Unfinished – Questions for Book Discussion
WARNING: Spoilers. Questions intended for after reading.
1. A series of tiny decisions lead up to one moment that changed their lives–Nicole decides to go to Jake’s graduation; she decides to look for him after the ceremony; she steps away before he sees her. She thinks the girl he’s with is a girlfriend, and she doesn’t go talk to him. Instead she runs away. If she hadn’t, their lives would have been very different. In real life do we have those moments that change everything?
2. Is Nicole or Jake more to blame for that moment? Is “blame” the right word?
3. If they had stayed together, would either of them have achieved the success they did?
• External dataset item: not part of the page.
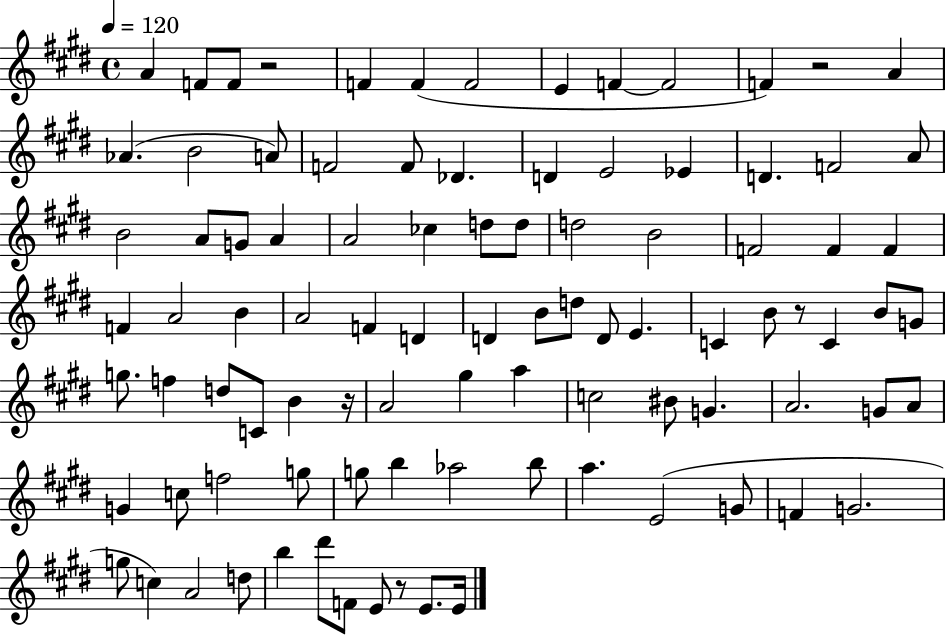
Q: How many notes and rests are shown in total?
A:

4. Nicole can’t regret the life she has had, especially her kids, even if she regrets hurting Jake and the years they lost. Do you ever wonder about your “roads not taken”?
5. Nicole asks Beca if she’s ever been in love. Her friend answers, “Dozens of times.” When Nicole asks her if it hurts when it’s over, Beca thinks about the question. “Nah, by then I’ve fallen out of love. I’m usually a little sad because it’s fun to be in love. But then I know there’ll be someone else soon.”
That summer Jake thought about his feelings for Nicole and wasn’t sure how to label them. But on the night before he’s leaving the lake he has this realization: “More than lust, more than friendship, a perfect blend that’s love.”
How do you explain or define romantic love?
6. Is there a difference between loving someone and being in love with someone? “Science” would say there is, but the in love stage only lasts about two years. When Nicole is talking to Beca in Paris about what Michael has asked her to do, she says:
“Doesn’t that spark—that passion, that whatever it is—fade away over the years into something . . . I don’t know what the word is. You’re “in love” and then you love? After all these years, wouldn’t this be where we are, no matter how we started?”
“Maybe.” Beca pushed the orange juice carton around. “But I don’t think you ever forget it was there. That connection, that something—like it’s us and then there’s the rest of the world. Chase and I never had it. If we had, maybe we would have gotten through . . . pulled through the hard stuff together.”
Is being in love–at least at the beginning–critical to the success of a long-term relationship?
7. Could you–would you–forgive Michael for his part in how their lives unfolded?
8. From the cultural references–books and movies particularly–and the state of technology when Nicole and Jake meet, we can surmise that it was probably 1991. No texting, no email, no Skype. How differently might Nicole and Jake’s story have turned out if they’d had today’s technology to keep in touch during those twenty-one months apart?
9. And about that ending . . . many romance novels have epilogues to wrap up all the loose ends, but this one doesn’t. We’re left to wonder about how Jake does “getting help,” about whether he wants to have children with Nicole and how she would feel about raising another family, about how she’ll tell the twins about Jake and how they’ll handle the news. Do you like the unanswered questions? Or would you rather have had them answered? How does the author’s choice to leave them unanswered relate to the title of the book?